Использование ингибиторов АПФ целесообразно при наличии сопут­ствующей сердечной недостаточности, после перенесенного инфаркта мио­карда, при диабетической нефропатии, а также при гипертрофии левого желудочка и протеинурии (обладают кардио- и нефропротективным действием). Их использование противопоказано во время беременности, лактации, в детском возрасте, при двустороннем стенозе почечных артерий, гиперкалиемии, аортальном или субаортальном стенозе, состоянии после трансплантации почки. Побочные эффекты — гипотония, кашель, отек Квинке, ухудшение функции почек — наблюдаются редко. Чаще других используют каптоприл (капотен) в дозе 25-50 мг 2-3 раза в сутки, эна- лаприл (ренитек) в дозе 5-20 мг 1-2 раза в сутки, периндоприл (преста- риум) в дозе 4-8 мг 1 раз в сутки, фозиноприл (моноприл) в дозе 10-40 мг 1 раз в сутки.

Антагонисты ангиотензиновых рецепторов (лозартан по 50-100 мг в сутки, вальзартан по 80-160 мг в сутки, ирбезартан по 8-16 мг в сутки) используют при непереносимости ингибиторов АПФ (кашель) по тем же показаниям. Антагонисты кальция дигидропиридинового ряда (амлодипин по 2,5-10 мг 1 раз в сутки, фелодипин по 2,5-10 мг 1 раз в сутки и др.) применяют при изолированной систолической гипертензии (когда противо­показаны или неэффективны диуретики). Верапамил показан при со­путствующей ишемической болезни сердца, стенокардии, наджелудочковых нарушениях ритма, если бета-адреноблокаторы противопоказаны (в частно­сти, при обструктивных заболеваниях легких). Антагонисты кальция широ­ко применяются у пожилых больных, у пациентов с диабетической неф­ропатией (когда противопоказаны или неэффективны ингибиторы АПФ). Верапамил и дильтиазем противопоказаны при нарушении атриовентри­кулярной проводимости; нежелательно применение антагонистов кальция при сердечной недостаточности.

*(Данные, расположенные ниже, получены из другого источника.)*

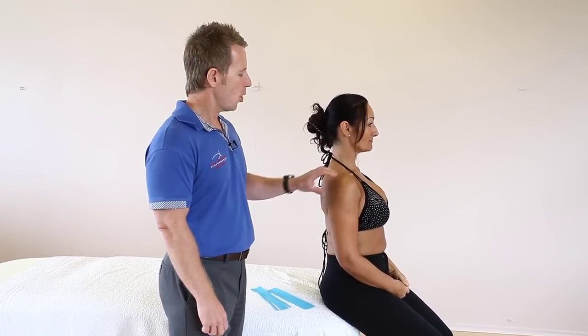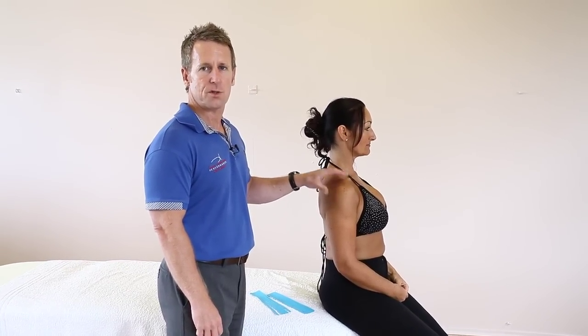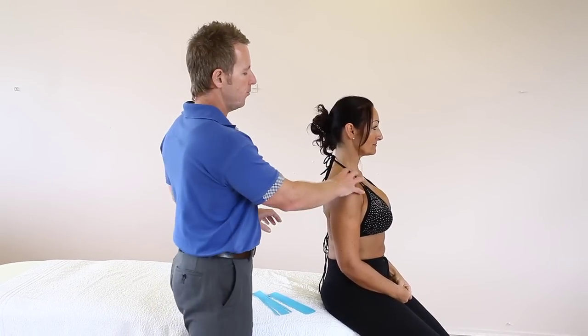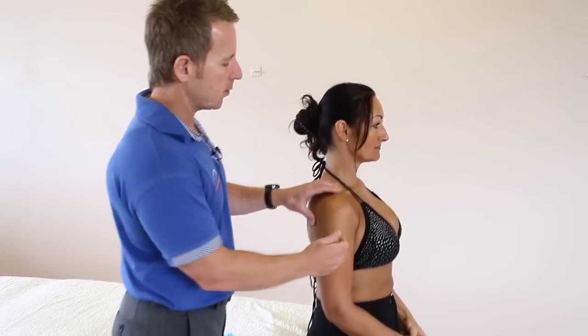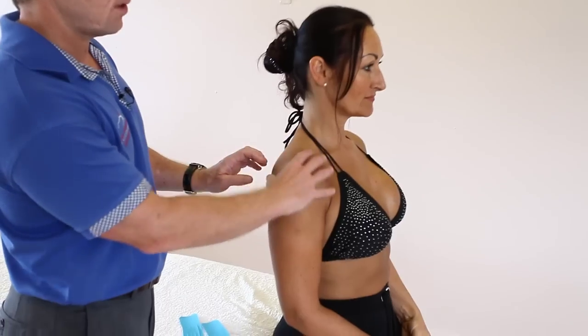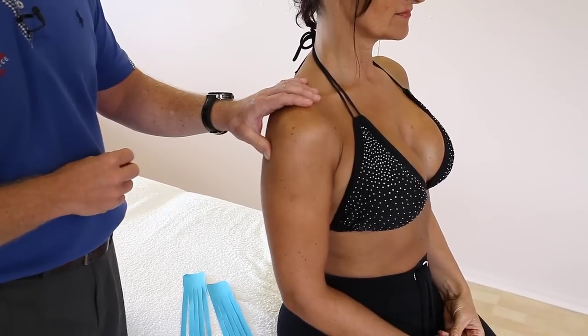Next we're going to be taping the shoulder and we're going to be looking at lymphedema. So if the patient has any form of swelling or bruising through trauma around this sort of area, rather than being specific to one point like the supra or the bursa, this is sort of generalised shoulder pain and you might notice some swelling but you would definitely notice some bruising.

Альфа-адреноблокаторы в большинстве случаев не применяются при начальной терапии АГ. Целесообразно использовать их при неэффективно­сти других вазодилататоров, а также у мужчин с аденомой предстательной железы, нарушениями половой функции. Празозин назначают в начальной дозе 0,5 мг 2-3 раза в сутки. Дозу при необходимости можно медленно повышать в течение 2-4 нед до средней терапевтической (4-6 мг в сутки). Необходимо помнить о способности празозина вызывать ортостатичес­кую гипотензию. Более целесообразно и безопасно применение длительно действующего препарата доксазозина. Начальная его доза также составляет 0,5-1 мг 1 раз в сутки, постепенно дозу повышают до средней терапевтиче­ской (2-4 мг в сутки).

При выборе гипотензивной терапии необходимо также учитывать влияние препаратов на качество жизни. Так, тиазидные диуретики и не­селективные бета-адреноблокаторы могут ухудшать половую функцию муж­чин, поэтому в соответствующей ситуации следует отдавать предпочтение безопасным с этой точки зрения лекарственным средствам — пролонгиро­ванным антагонистам кальция, кардиоселективным бета-адреноблокаторам, ингибиторам АПФ. Начальное лечение больных АГ часто проводят в амбу­латорных условиях. Госпитализация показана при стойком повышении АД до 220/120 мм рт. ст. и неэффективности проводимой гипотензивной тера­пии, при злокачественной АГ, при подозрении на симптоматическую АГ для уточнения диагноза. Раннее начало лечения и эффективный постоян­ный контроль уровня АД значительно улучшают прогноз.